───── Listed records ─────
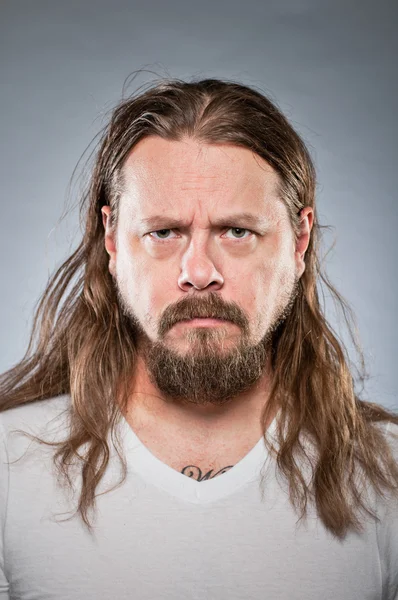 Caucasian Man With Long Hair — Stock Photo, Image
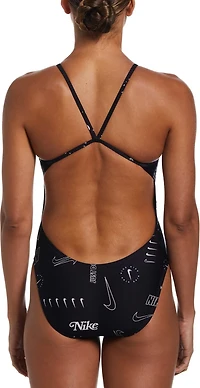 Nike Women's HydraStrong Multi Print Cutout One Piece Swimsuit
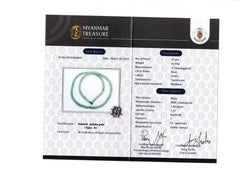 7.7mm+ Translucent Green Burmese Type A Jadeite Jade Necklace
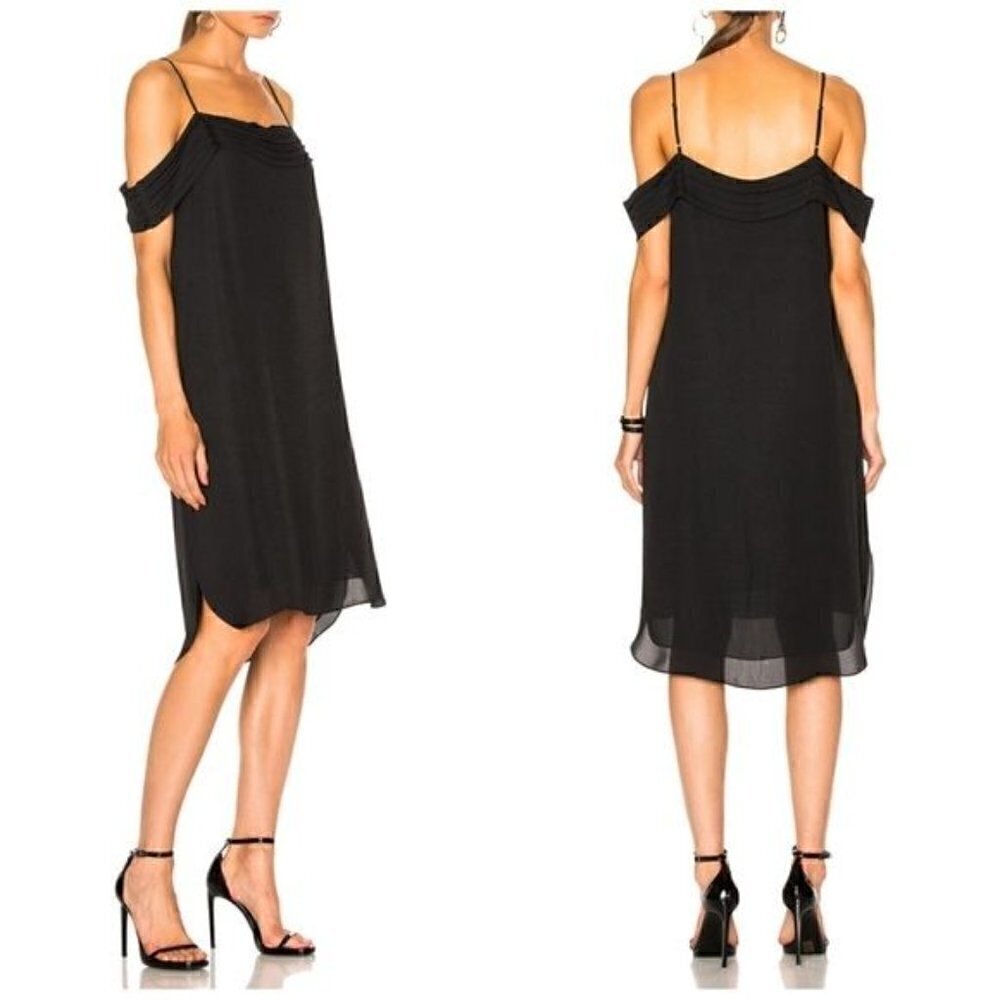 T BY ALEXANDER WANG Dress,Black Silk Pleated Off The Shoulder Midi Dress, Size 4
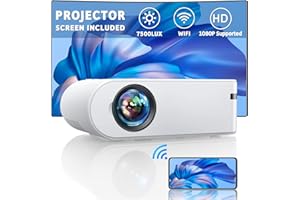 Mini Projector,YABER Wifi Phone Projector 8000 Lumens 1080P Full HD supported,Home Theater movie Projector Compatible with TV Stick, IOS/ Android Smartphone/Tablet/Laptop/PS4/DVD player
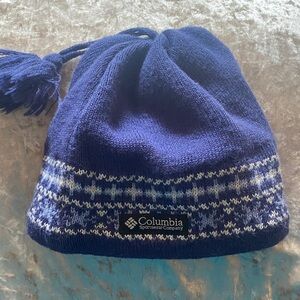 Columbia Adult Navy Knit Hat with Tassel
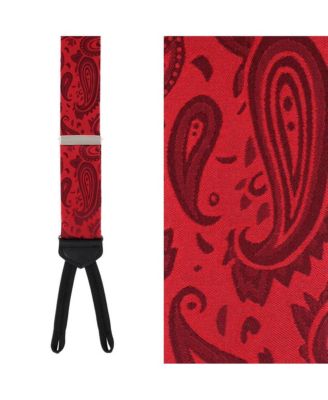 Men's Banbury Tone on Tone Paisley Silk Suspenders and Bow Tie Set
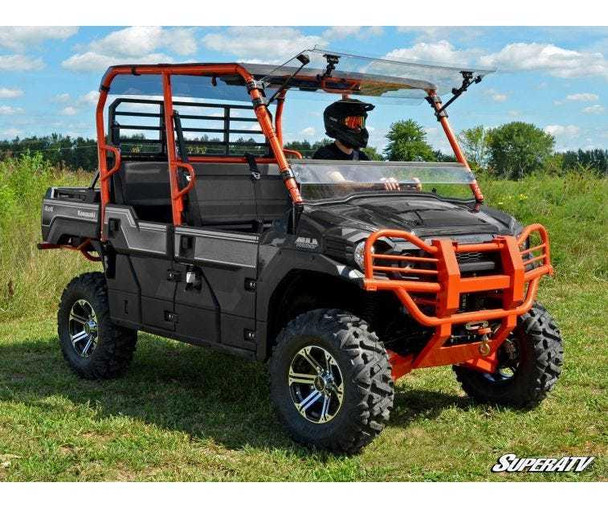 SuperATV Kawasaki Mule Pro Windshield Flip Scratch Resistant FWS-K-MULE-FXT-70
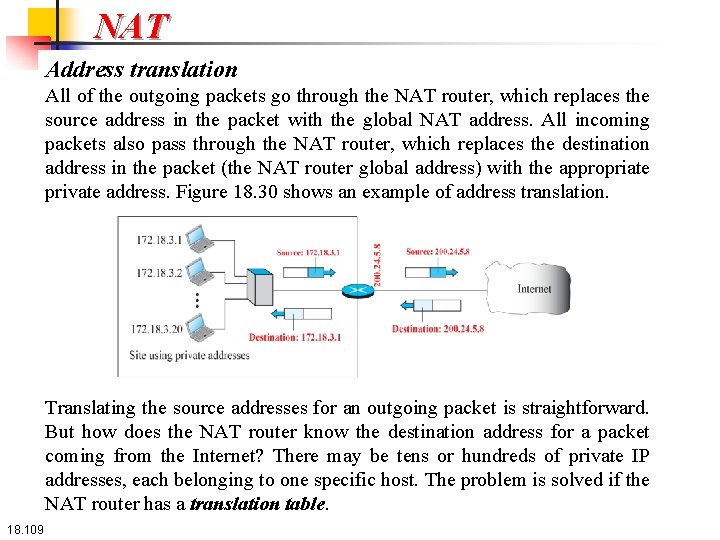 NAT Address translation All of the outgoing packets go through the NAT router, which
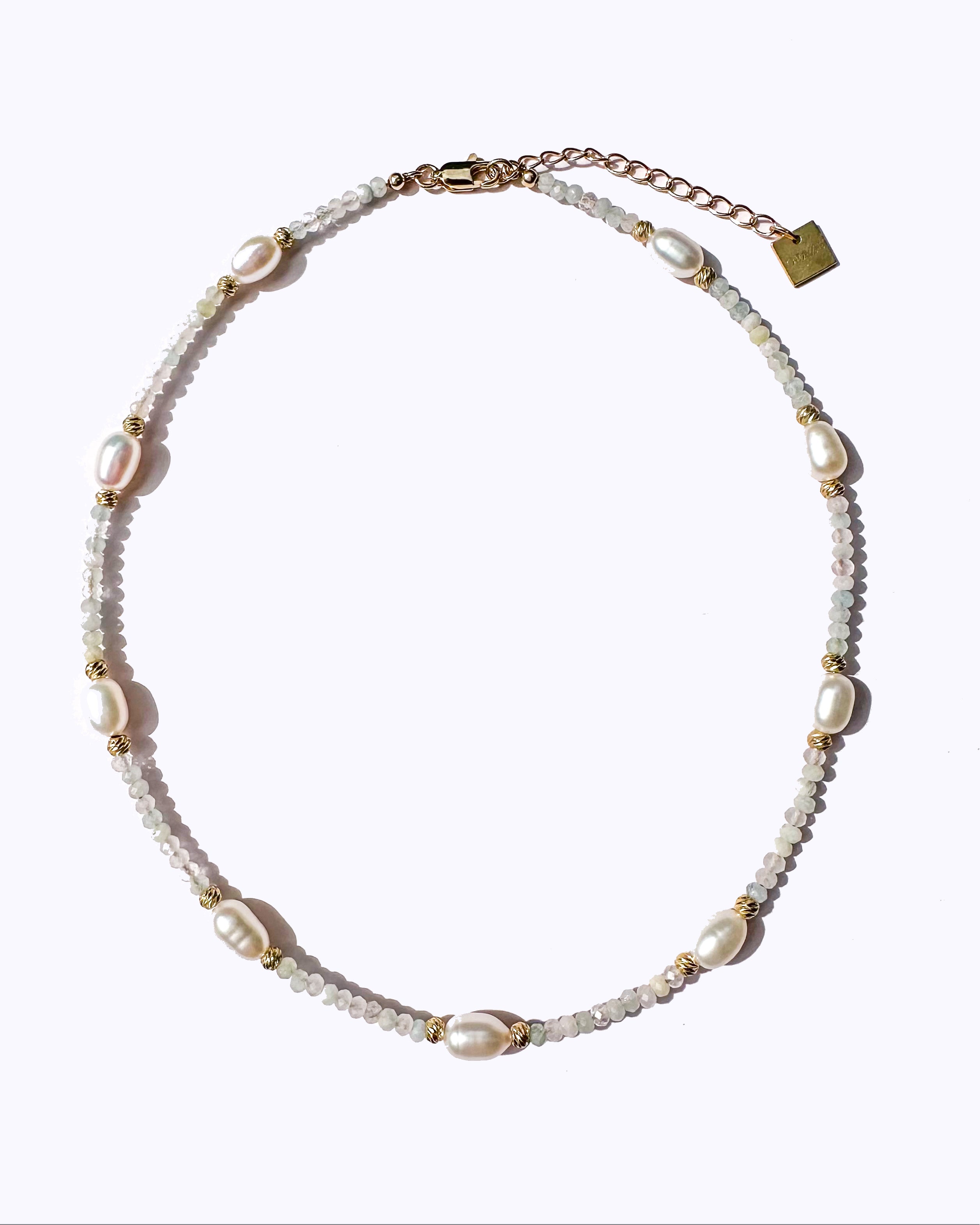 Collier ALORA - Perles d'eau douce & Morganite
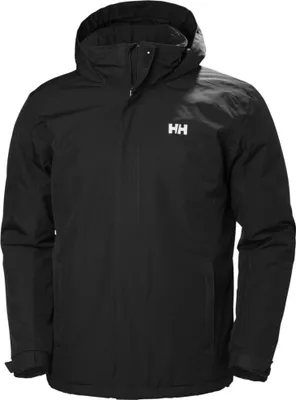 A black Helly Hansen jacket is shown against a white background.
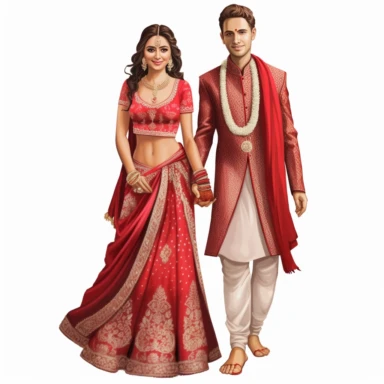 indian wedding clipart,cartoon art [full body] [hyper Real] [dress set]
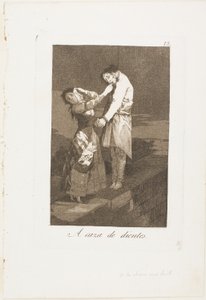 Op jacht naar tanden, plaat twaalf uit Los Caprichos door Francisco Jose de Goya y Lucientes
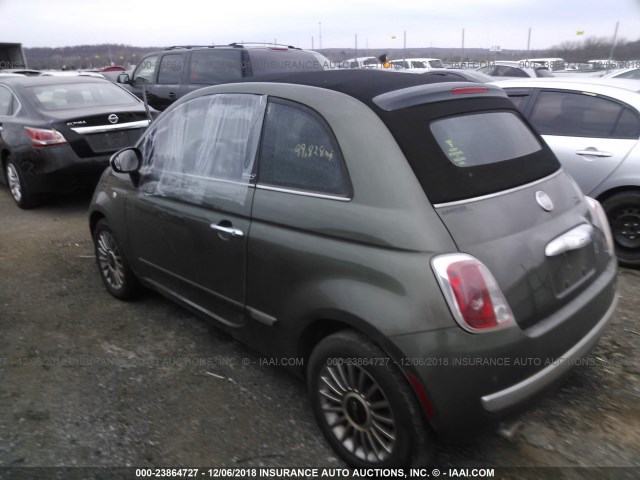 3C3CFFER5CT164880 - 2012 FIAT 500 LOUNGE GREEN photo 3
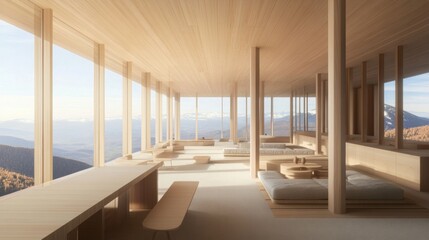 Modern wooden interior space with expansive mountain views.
─────
§ What the task asks
Begin with the first line of the entries above and write out each line exactly, ending with the line containing "T BY ALEXANDER". Leave out pictures.

§ Response area
 Caucasian Man With Long Hair — Stock Photo, Image
 Nike Women's HydraStrong Multi Print Cutout One Piece Swimsuit
 7.7mm+ Translucent Green Burmese Type A Jadeite Jade Necklace
 T BY ALEXANDER WANG Dress,Black Silk Pleated Off The Shoulder Midi Dress, Size 4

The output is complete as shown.